# Task goal
Everything in the listing must be repeated exactly, apart from the images.

# Information provided
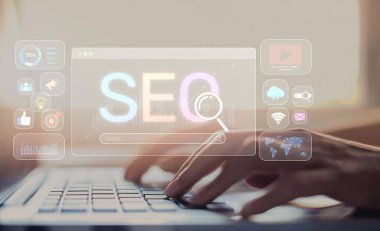 İnteraktif SEO arayüzü içeren bir dizüstü bilgisayarda çalışan ellerin yakın plan görüntüsü. Bu görsel çizimler arama motoru optimizasyonu, analitik ve çevrimiçi pazarlama stratejisi kavramlarını göstermektedir. XDMCP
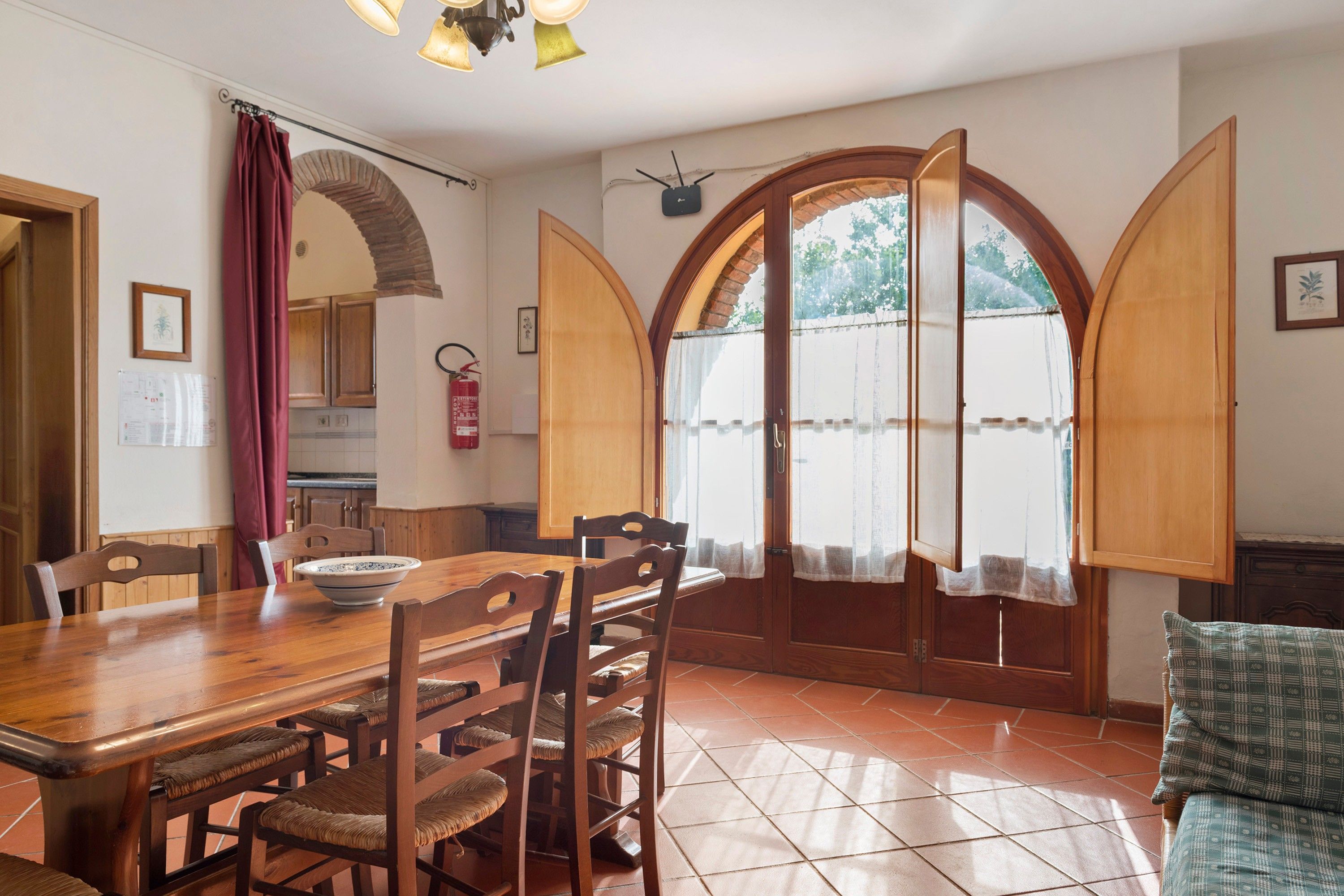 A dining area with a wooden table and chairs, a fire extinguisher, and a view through an arched window.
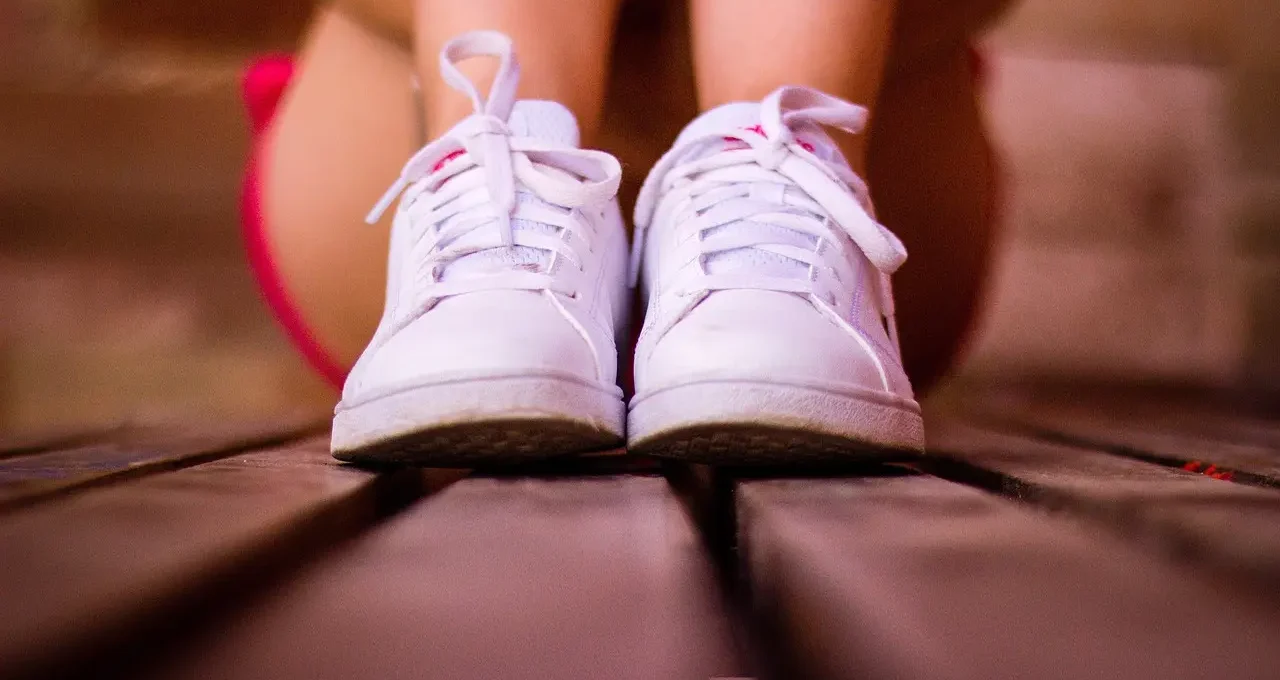 Paire de sneakers blanches posée sur un fond bois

# Result of this exercise
 İnteraktif SEO arayüzü içeren bir dizüstü bilgisayarda çalışan ellerin yakın plan görüntüsü. Bu görsel çizimler arama motoru optimizasyonu, analitik ve çevrimiçi pazarlama stratejisi kavramlarını göstermektedir. XDMCP
 A dining area with a wooden table and chairs, a fire extinguisher, and a view through an arched window.
 Paire de sneakers blanches posée sur un fond bois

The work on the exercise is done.